I have 3rd party code which punycodes strings (escapes and unescapes). As Unicode input/output, it uses 32-bit Unicode strings (uint32_t-based), not 16-bit. My own input/output is BSTR (UTF 16-bit). How should I convert between 32-bit Unicode char array and BSTR (both directions)?

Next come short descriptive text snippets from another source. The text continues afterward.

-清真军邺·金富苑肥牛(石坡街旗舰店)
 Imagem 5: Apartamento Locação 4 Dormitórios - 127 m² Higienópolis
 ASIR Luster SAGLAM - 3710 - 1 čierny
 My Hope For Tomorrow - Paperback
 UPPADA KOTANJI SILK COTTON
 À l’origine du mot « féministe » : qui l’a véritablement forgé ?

The code should work in Visual C++ 6.0 and later versions.

Alex
  • 2,469
  • 3
  • 28
  • 61
  • 2
    You'll need a 3rd party library, the [`` header](http://en.cppreference.com/w/cpp/locale/codecvt_utf16) isn't available until VS2010 – Mgetz Aug 31 '17 at 13:51
  • 2
    You can't ask for a solution for *obsolete* versions of the language. VC 6 is 20 years old. C++ didn't even support Unicode back then. The current *language* version is C++ 17. The language got Unicode support and literals in C++ 11 with `char16_t`, `char32_t`. C++ 14 added support in STL with u16string, u32string. No *standard-compliant* solution is going to work with a 20 year old compiler. Check [String and Character literals](https://learn.microsoft.com/en-us/cpp/cpp/string-and-character-literals-cpp) for reference – Panagiotis Kanavos Aug 31 '17 at 13:59
  • 2
    @Mgetz it's not just a matter of when `codecvt` was added. After all, `BSTR` is a UTF16 string with a length. The language itself didn't have Unicode support 20 years ago. It has now. `uint32_t` is the *wrong* type to use now. And I really don't think that VC++ 6 was able to work reliably with UTF32 20 years ago. Character set conversions are delegated to the OS. I think VC++ 6 didn't make the appropriate calls for UTF32 back then simply because they didn't exist – Panagiotis Kanavos Aug 31 '17 at 14:04
  • Thank you for replies. I just wasn't able to find any punycode implementation which does not use uint32_t. I'd happy to use the implementation which is 16-bit based (or implemented more correctly, not using uint32_t) if it existed. – Alex Aug 31 '17 at 14:14
  • @PanagiotisKanavos C++ doesn't know what Unicode is other than `` it's all bytes in a `std::string` or `std::wstring` – Mgetz Aug 31 '17 at 14:14
  • 1
    @Mgetz, no, it got Unicode strings, literals etc in C++11. It *does* have `char16_t`, `char32_t`, `u16string` and `u32string` now. Check [String and Character Literals](https://learn.microsoft.com/en-us/cpp/cpp/string-and-character-literals-cpp). What it *still* doesn't have is UTF8 support. `char`, `string` and good will are used for UTF8, hoping that that *other* developer doesn't use the wrong codepage to read a localized file – Panagiotis Kanavos Aug 31 '17 at 14:18
  • 2
    @Alex: Your best option is to use a 3rd party Unicode library, like [libiconv](https://www.gnu.org/software/libiconv/) or [ICU](http://site.icu-project.org/). But converting between UTF16<->UTF32 is very trivial to implement manually, even in old C++ versions. It would not be difficult at all to manually convert a UTF-16 string to a UTF-32 string and vice versa. – Remy Lebeau Aug 31 '17 at 17:38
  • @RemyLebeau Will try that, thanks! – Alex Aug 31 '17 at 18:08

1 Answers1

1

UTF16 is same as UTF32 for characters less than 0xFFFF. You can use the following conversion to display UTF-32 codes in Windows.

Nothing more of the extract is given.